Hooray for little tapirs!
Woodblock prints of ages past show giant octopuses ripping apart boats and feasting on sailors like popcorn. These artifacts of ancient sea-lore make for rousing images, but they are quite wrong: octopuses are fierce and cunning hunters but they present little danger to humans—with a noteworthy exception. The truly dangerous octopuses are not giant monsters (perhaps the artists of yesteryear were thinking of the mighty giant squid?) but rather tiny jewel-like beauties from the genus Hapalochlaena which includes only three or four species. Known as blue-ring octopuses the tiny creatures swim in tide pools and shallows of the Indo-Pacific Ocean from Japan down to Australia (where they are most prevalent). Blue-ringed octopuses live on shrimp, crabs, minnows, and horseshoe crabs. They are tremendous hunters who use camouflage, stealth, and guile to catch their prey. However, these tools pale before their greatest weapon: the little octopuses are among the most poisonous creatures on planet Earth.
Like the flamboyant cuttlefish, the blue-ringed octopus does not like to bite without giving warning but advertises its toxicity with vivid coloration. The octopus can conceal itself with tremendous prowess however, as soon as it becomes aware of a predator or some other threat, it dials up its coloration changing from muted reef tones to brilliant yellow with iridescent blue rings. If you see something like this in the ocean, for heaven’s sake don’t touch it. The octopus’s warning colors let ocean predators know to leave it alone but immediately attract humankind’s magpie urge to grab shiny things. Although blue-ringed octopuses are good natured and have been known not to bite people who were provoking them rather intensely, their bites have caused more than seventy recorded fatalities in Australia. The octopus has a tiny beak and often a victim does not realize they have been bitten until they began to fall into paralysis and their respiration starts to fail.
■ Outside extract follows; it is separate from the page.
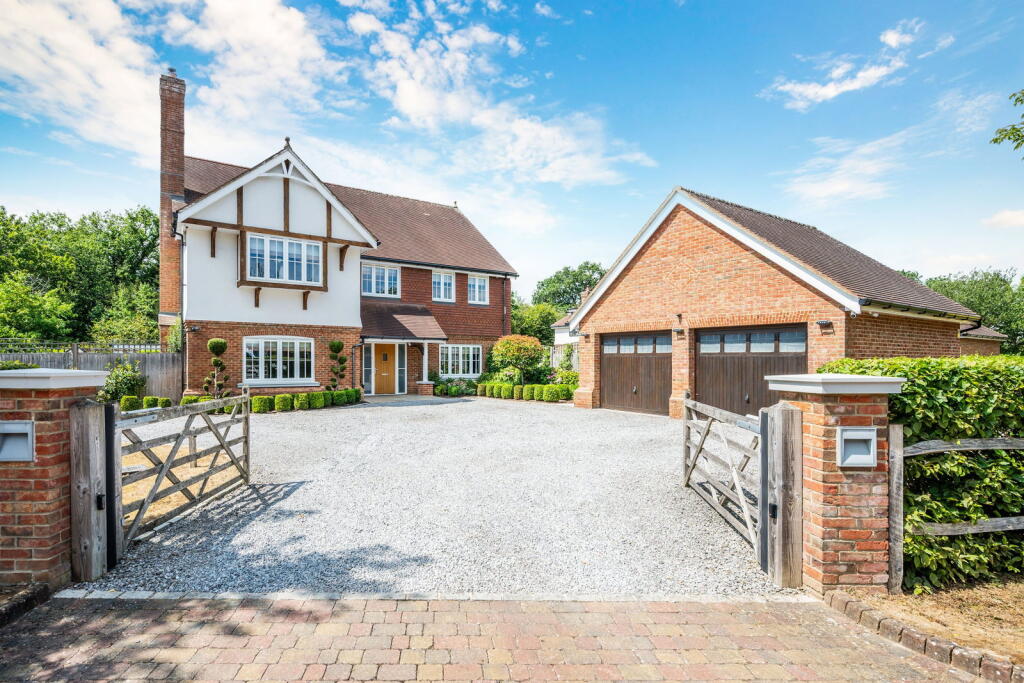 Main image of property: Coppice Vale, Felbridge, East Grinstead, RH19 2SJ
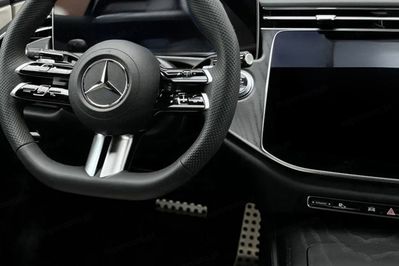 Mercedes Klasa E 200 4-Matic AMG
The venom of the blue ringed octopus is a complicated pharmacological cocktail which includes tetrodotoxin, 5-hydroxytryptamine, hyaluronidase, tyramine, histamine, tryptamine, octopamine, taurine, acetylcholine, and dopamine. The most active ingredient tetrodotoxin blocks the sodium channels which conducting sodium ions (Na+) through a cell’s plasma membrane. This causes total paralysis for the octopus victim, however if clever and persistent rescuers are present at the time of the bite they can rescue the unfortunate soul with continuous artificial respiration. This is no small matter as bite victims are often rendered completely unresponsive by the paralytic victim. Although completely conscious they are unable to communicate in any way or even breathe. If artificial respiration is initiated immediately and continued until the body can metabolize and eliminate the toxin, bite victims can survive (although it sounds like rather an ordeal).
Blue ringed octopuses are tender and solicitous mothers. The mother octopus lays a clutch of approximately 50 eggs in autumn which she incubates beneath her arms for about six months (during which time she is unable to eat). When the eggs hatch, the mother octopus dies. The baby octopuses reach sexual maturity in about a year. Despite their cleverness and beauty, the animals are as ephemeral as they are deadly.